Greenery on Mountains in Sichuan in Late Spring
50cm×39.5cm, watercolor and gouache, 1980s
Season of Seedling Planting
57cm×38cm, watercolor and gouache, 1980s
On Jialing River
54cm×33cm, watercolor and gouache, 1984
Flowers vs Design
In mid 1980s, Zhang Yinghong introduced elements of design, such as plane composition, into watercolor paintings. It transformed the traditional watercolor and focused on the form of images. The subjectivity of creation is enhanced significantly.
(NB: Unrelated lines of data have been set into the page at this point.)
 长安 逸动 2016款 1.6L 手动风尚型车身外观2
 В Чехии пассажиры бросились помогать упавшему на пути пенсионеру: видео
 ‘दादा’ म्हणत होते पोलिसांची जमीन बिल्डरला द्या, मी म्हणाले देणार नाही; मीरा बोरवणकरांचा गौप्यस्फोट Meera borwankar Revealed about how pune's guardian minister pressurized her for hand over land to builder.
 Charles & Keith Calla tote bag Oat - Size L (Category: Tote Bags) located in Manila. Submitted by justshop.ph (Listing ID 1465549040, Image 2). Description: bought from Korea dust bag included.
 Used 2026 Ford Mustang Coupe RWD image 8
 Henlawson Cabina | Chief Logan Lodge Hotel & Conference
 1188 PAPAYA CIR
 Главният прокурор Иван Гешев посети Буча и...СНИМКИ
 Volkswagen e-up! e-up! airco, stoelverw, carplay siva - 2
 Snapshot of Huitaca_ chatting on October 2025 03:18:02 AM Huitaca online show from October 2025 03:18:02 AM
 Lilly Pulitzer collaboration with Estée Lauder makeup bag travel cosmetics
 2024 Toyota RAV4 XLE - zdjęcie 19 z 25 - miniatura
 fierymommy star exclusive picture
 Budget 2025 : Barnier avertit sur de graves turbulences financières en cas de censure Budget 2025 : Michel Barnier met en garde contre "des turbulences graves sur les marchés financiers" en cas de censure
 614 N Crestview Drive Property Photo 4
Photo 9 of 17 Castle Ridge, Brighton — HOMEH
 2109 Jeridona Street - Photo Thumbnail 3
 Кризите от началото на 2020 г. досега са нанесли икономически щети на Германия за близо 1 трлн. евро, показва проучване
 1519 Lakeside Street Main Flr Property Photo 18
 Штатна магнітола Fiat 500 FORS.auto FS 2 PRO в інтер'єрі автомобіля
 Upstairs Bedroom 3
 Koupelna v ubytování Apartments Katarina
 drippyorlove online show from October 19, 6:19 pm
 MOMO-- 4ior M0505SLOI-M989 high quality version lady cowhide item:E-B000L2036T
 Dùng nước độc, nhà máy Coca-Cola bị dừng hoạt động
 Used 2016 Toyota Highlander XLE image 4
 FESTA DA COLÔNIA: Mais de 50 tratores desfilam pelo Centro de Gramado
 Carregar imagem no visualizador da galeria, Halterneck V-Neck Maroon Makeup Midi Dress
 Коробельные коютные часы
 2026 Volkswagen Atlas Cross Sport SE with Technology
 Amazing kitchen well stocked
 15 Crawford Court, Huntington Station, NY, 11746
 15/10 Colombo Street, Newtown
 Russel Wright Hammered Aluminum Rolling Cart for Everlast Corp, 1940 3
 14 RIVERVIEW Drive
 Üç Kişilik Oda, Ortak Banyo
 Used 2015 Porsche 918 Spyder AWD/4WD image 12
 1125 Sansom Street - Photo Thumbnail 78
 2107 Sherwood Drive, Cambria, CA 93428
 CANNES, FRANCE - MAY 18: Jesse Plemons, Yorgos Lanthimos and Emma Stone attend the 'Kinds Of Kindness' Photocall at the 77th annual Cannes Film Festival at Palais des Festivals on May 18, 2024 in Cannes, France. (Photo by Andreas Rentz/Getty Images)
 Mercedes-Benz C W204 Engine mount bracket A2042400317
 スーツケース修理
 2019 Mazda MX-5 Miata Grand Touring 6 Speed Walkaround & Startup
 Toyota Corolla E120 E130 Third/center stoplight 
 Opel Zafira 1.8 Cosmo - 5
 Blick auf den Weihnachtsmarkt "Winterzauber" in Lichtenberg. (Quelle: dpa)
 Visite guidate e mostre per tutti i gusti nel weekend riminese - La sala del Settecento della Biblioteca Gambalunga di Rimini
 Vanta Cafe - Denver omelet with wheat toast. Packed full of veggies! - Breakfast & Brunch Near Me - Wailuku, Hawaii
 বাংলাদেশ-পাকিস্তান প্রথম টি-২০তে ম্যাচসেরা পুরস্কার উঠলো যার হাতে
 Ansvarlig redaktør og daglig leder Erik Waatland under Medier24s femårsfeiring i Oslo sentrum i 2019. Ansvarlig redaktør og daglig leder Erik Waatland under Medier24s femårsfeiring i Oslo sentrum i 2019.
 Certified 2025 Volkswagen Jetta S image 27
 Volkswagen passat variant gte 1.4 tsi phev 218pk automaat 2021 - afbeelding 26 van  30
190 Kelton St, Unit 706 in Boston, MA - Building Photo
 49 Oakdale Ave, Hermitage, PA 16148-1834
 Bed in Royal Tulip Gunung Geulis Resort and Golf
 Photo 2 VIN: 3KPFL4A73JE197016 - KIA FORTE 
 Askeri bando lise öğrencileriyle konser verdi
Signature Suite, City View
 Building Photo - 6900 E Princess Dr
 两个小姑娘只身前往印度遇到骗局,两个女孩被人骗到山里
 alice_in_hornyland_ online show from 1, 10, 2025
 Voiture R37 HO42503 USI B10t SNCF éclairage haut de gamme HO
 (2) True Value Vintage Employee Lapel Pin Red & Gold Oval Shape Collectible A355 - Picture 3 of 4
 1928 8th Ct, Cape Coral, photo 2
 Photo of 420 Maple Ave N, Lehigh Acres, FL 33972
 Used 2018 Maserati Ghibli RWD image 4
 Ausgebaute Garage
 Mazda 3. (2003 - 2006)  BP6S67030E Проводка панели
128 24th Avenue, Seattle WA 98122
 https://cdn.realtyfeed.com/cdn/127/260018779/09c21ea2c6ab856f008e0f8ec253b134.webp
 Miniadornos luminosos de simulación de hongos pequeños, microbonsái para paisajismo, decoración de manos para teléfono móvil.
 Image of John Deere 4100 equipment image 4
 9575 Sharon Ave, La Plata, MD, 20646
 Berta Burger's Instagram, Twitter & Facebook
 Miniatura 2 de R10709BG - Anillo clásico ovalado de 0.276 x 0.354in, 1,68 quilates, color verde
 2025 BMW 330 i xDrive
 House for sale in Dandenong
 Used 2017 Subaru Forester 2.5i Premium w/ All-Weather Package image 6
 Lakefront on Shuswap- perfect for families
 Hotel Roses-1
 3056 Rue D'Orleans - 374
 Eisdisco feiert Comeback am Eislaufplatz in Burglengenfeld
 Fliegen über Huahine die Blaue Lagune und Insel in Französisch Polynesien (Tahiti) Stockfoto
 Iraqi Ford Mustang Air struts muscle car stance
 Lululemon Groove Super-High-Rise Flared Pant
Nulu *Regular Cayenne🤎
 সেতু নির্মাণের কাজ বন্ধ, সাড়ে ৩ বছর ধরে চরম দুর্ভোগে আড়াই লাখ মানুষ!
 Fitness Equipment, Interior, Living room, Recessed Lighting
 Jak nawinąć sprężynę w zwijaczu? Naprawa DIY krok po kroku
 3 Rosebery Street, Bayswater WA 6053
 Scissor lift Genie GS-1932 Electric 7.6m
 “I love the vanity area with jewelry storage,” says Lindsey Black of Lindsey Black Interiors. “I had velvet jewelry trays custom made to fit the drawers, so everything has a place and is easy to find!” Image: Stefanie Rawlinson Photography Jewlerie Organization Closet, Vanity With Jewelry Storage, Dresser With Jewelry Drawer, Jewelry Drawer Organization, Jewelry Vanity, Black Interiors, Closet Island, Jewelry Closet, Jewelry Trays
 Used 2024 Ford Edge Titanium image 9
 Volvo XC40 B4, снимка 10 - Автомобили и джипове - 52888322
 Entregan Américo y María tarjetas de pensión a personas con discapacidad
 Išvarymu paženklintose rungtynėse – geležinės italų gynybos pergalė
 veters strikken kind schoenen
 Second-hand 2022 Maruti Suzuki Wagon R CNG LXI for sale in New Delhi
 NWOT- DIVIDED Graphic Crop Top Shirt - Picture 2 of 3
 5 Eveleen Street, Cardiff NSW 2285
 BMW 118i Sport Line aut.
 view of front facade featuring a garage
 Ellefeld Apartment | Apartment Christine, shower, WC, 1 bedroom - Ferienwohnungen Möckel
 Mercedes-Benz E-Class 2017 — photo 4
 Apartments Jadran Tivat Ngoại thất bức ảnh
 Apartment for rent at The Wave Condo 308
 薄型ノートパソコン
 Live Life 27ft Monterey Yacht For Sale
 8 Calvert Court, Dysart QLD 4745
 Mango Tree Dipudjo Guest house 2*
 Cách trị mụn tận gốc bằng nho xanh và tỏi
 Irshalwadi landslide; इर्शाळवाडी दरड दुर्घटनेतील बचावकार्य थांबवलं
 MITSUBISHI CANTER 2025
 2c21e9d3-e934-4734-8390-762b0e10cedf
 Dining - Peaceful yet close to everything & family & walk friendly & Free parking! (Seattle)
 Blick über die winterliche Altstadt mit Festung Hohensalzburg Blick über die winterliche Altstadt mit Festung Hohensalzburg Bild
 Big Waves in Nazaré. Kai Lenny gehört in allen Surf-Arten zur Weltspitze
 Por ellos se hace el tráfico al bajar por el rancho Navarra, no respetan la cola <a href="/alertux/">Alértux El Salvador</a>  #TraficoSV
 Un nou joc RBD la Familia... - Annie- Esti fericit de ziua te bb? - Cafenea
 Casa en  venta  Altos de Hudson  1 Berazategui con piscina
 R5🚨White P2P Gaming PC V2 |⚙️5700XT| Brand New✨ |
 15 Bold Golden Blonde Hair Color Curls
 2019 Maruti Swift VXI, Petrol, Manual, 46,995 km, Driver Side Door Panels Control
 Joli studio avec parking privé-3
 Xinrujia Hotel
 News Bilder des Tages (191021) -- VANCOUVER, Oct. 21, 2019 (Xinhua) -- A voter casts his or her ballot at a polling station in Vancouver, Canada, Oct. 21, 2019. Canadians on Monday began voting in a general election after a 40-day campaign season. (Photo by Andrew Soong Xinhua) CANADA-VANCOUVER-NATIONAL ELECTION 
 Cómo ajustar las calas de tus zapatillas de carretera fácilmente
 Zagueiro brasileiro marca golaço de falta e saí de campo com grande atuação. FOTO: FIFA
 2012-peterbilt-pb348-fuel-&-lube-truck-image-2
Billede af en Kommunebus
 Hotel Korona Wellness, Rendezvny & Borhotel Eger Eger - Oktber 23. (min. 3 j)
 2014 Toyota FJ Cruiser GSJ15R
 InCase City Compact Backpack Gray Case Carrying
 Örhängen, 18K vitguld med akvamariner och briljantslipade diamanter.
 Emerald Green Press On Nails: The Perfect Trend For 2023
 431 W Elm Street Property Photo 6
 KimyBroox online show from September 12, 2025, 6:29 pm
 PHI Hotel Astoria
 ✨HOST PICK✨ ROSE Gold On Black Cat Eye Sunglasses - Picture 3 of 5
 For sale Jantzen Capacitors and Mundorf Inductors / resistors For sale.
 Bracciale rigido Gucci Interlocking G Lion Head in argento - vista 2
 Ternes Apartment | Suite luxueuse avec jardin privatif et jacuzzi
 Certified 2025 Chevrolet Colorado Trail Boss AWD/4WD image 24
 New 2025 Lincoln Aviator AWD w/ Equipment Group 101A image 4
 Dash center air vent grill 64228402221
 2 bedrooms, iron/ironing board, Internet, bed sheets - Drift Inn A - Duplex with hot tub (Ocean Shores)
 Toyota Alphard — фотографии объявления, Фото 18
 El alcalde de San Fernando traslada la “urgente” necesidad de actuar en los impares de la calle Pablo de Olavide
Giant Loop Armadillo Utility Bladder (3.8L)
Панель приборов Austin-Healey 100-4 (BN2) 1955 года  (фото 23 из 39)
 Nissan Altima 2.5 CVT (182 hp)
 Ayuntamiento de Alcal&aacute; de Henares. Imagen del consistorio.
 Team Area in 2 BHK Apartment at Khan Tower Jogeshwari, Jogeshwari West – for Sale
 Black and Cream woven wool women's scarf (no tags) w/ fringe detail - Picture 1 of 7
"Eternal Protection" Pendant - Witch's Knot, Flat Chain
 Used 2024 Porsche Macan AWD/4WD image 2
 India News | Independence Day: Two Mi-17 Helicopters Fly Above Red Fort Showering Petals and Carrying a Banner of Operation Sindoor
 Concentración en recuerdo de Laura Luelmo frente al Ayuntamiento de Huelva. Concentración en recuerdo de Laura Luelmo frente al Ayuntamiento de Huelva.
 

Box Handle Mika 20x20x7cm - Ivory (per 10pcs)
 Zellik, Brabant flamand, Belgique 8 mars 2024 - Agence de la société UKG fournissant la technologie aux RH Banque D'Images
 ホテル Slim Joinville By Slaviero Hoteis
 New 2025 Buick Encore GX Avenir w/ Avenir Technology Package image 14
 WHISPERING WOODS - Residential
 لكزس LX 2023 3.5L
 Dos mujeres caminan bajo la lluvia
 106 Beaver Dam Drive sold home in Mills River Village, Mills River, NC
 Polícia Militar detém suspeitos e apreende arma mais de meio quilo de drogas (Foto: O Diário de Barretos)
62cm×52cm, watercolor and gouache, 1980s
61cm×54cm, watercolor and gouache, 1998
97cm×70cm, watercolor and gouache, 2010
The Wishes, created in 1980s, on one hand, highlights the “water”-based features, clear and bright, on the other, presents the trend of design with simple colors and nearly vertical white spaces on the table. In Harmony, the desktop, setting and wall are deliberately painted in planes, which strongly pop out to the viewers. The Thriving, drawn in 2010, is more concise, yet not simple at all. The red roses at the center look more bright and thriving in the dark background. Red roses, black background and white table create the vivid sense of form and contemporary touches.
Ancient Pottery vs New Watercolor
In various art creations, Zhang Yinghong was not satisfied with the clear and fluid watercolor. To present the sense of history of ancient Chinese pottery, he broke the limitations of materials and introduced oil paints to the paintings to create a texture of combined water and oil. At the same time, he broke the traditional rule that black is used with caution. In his pictures, the colors are simple and plain to create a sense of heaviness. He even discarded the forms and introduced rhythms of music to create the images with dots, lines and planes. He was also bold in using water and colors. He deployed strong lines and color planes and integrated music with water and color. Hence he created various “new watercolor” paintings with strong personal features and rich cultural connotations.
Ode to Pottery 1
61cm×55cm, watercolor and gouache, unknown year of creation
81cm×78.5cm, watercolor and gouache, 1998
“The essence of modern paintings comes from the vibration of the inner world.” (said by Zhang Yinghong) The paintings collected at Ningbo Museum of Art of Zhang, no matter they are oriental and poetic small pieces, or trials of flowers with designing ideas, or widely recognized new material experiments, or “new watercolor” paintings in his later years, all originate from this sentence. Zhang Yinghong’s art concept, which comes from “his inner world”, allows him to feel the city in a corner in the big metropolitan, where he painted with delicacy and boldness.